The world doesn’t deserve Yoko Ono’s sense of humor. She’s heard every “misogynistic, racist” insult in the book, all because she had the gall to fall in love with a Beatle, and for a Beatle to fall in love with her. But Ono, who once called her one-woman-show the “Museum of Modern [F]art” (and don’t forget her “close-up shots of butts on a treadmill” film, Bottoms), has never let the vitriol consume her — she’s proudly weird and wonderful, and in on the joke.

“When a woman artist makes a work with sense of humor,” she told Vice, “the world asks exactly like what you are asking now. ‘Why is it important to stage that kind of show?’ Seriously, give us women artists a chance!”
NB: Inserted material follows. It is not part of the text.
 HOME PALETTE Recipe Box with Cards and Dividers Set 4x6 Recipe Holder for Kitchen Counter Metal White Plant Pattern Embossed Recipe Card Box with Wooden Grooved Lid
Ono recently curated an exhibit at Iceland’s Reykjavik Art Museum called “Yoko Ono: One More Story…” which “aims to reveal the basic elements that define Yoko Ono’s extensive and diverse artistic career – a voyage through the notion of art itself, with a strong social and political engagement.” Also, The Simpsons references. In the classic season four episode “Homer’s Barbershop Quartet,” Homer forms, well, a barbershop quartet with Skinner, Apu, and Barney. The Be Sharps are an immediate sensation, even winning the Grammy Award for Outstanding Soul, Spoken Word, or Barbershop Album of the Year, but the fame just as quickly goes to their heads. The group names their second album Bigger Than Jesus, and Barney, who complains barbershop is “stagnant,” starts dating a Japanese conceptual artist who looks like Yoko Ono. After the group breaks up, Barney and Not-Yoko head to Moe’s Tavern, where she orders a “single plum floating in perfume served in a man’s hat.”

One of the pieces on display at the Reykjavik Art Museum is exactly that.

The museum’s PA system should play “Number Eight (Burp)” on a loop.